Hosted by Ye Mystic Krewe of Gasparilla and the City of Tampa, it celebrates the legend of José Gaspar (Gasparilla), a Spanish pirate who supposedly operated in Southwest Florida. The theme of Gasparilla is the “invasion” by pirates on the Jose Gasparilla, a 165-foot-long pirate ship that was built in 1954 specifically for this purpose, accompanied by hundreds of smaller boats that come from all over Tampa Bay to help out.
Once the ship arrives, the captain demands that the mayor hand over the key to the city in a mock ceremony that leads to the”victory parade,” celebrated through the streets of Tampa. Adding to the drama is the legend that the pirate Gaspar, rather than be captured, wrapped himself up in the ship’s anchor and threw himself overboard while shouting, “Gasparilla dies by his own hand, not the enemy’s!”

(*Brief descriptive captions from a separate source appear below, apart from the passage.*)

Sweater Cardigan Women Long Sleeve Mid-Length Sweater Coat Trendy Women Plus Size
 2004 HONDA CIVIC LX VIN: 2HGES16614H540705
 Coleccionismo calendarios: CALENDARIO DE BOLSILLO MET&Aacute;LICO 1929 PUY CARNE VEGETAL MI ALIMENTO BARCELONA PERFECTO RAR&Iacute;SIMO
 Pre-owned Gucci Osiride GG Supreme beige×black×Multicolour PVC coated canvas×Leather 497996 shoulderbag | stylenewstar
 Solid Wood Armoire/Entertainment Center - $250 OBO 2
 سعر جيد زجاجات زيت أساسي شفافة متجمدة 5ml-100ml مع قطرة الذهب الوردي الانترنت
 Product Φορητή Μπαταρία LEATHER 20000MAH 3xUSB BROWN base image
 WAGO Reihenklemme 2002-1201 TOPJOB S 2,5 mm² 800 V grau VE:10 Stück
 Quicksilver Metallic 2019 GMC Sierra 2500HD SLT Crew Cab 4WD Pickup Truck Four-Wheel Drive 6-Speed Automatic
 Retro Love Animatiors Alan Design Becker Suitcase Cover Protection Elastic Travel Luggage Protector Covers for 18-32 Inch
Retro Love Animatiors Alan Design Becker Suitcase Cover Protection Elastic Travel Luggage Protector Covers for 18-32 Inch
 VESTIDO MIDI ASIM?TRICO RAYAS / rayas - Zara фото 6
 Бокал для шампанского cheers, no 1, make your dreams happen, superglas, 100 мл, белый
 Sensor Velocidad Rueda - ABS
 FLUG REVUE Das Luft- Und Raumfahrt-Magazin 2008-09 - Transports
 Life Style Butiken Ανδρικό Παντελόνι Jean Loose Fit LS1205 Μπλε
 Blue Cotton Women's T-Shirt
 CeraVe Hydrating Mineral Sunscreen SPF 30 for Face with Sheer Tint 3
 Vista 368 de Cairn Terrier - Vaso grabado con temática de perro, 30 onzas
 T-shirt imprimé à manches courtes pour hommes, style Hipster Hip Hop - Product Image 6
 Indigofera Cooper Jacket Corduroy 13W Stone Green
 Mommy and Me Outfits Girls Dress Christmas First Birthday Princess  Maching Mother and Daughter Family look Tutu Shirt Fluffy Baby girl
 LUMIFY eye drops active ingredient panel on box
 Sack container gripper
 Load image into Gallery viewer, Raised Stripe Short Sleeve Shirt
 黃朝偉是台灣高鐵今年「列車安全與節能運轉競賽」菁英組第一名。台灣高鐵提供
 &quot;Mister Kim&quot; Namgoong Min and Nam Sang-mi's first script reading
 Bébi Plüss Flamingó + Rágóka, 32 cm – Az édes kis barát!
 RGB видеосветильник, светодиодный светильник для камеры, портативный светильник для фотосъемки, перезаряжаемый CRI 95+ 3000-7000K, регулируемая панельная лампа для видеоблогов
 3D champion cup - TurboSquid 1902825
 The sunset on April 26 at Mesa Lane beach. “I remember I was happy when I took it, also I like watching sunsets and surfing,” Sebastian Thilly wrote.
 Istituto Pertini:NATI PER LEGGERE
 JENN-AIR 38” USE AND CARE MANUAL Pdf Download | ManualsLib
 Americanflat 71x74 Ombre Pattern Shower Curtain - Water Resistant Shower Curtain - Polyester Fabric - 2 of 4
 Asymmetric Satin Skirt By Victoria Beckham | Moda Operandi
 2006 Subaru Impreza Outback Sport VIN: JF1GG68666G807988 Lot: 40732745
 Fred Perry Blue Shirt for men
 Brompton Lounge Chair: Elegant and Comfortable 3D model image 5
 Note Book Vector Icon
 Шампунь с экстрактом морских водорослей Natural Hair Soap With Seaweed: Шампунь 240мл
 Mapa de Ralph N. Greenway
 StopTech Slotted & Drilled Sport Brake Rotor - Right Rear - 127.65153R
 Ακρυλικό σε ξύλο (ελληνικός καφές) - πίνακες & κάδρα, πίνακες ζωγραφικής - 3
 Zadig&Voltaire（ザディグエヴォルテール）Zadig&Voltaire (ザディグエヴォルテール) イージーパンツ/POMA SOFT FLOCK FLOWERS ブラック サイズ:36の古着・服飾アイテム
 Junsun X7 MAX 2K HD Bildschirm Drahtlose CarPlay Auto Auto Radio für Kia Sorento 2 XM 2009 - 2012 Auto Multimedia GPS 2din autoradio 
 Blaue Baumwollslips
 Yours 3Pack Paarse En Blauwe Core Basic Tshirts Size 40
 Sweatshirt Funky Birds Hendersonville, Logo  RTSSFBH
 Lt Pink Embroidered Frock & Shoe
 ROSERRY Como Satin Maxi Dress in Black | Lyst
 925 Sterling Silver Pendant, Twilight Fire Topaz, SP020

The number of new Krewes whose members flood the annual Pirate Fest each year is increasing, many of them centering around various ethnic, cultural and historical themes and charity causes. Members spend a great deal of time and money on elaborate costumes, beads and floats while crowds of spectators, both young and old, flock to the scene to collect beads and participate in the festive fun and debauchery.